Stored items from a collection

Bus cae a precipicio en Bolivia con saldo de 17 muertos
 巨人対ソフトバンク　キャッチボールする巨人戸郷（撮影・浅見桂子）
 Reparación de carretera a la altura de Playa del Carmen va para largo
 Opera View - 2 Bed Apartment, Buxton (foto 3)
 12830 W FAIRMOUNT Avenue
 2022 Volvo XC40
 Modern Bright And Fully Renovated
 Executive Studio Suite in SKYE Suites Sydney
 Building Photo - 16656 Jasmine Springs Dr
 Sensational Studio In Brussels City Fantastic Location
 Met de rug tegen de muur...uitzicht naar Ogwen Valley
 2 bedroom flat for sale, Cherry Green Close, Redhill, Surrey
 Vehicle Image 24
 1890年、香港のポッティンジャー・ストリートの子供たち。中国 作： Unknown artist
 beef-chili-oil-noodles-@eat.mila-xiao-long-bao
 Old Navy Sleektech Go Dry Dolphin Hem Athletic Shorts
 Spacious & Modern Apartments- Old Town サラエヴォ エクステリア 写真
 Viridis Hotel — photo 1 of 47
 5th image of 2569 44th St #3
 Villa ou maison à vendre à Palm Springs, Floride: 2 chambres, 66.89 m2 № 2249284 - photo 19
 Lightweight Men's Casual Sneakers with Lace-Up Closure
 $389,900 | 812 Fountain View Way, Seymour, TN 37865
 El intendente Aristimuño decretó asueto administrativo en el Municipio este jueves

▶ **Task requirements**:
Show the lines of the entries that include the string "View", copying each in full.

▶ **Task output**:
 Opera View - 2 Bed Apartment, Buxton (foto 3)
 $389,900 | 812 Fountain View Way, Seymour, TN 37865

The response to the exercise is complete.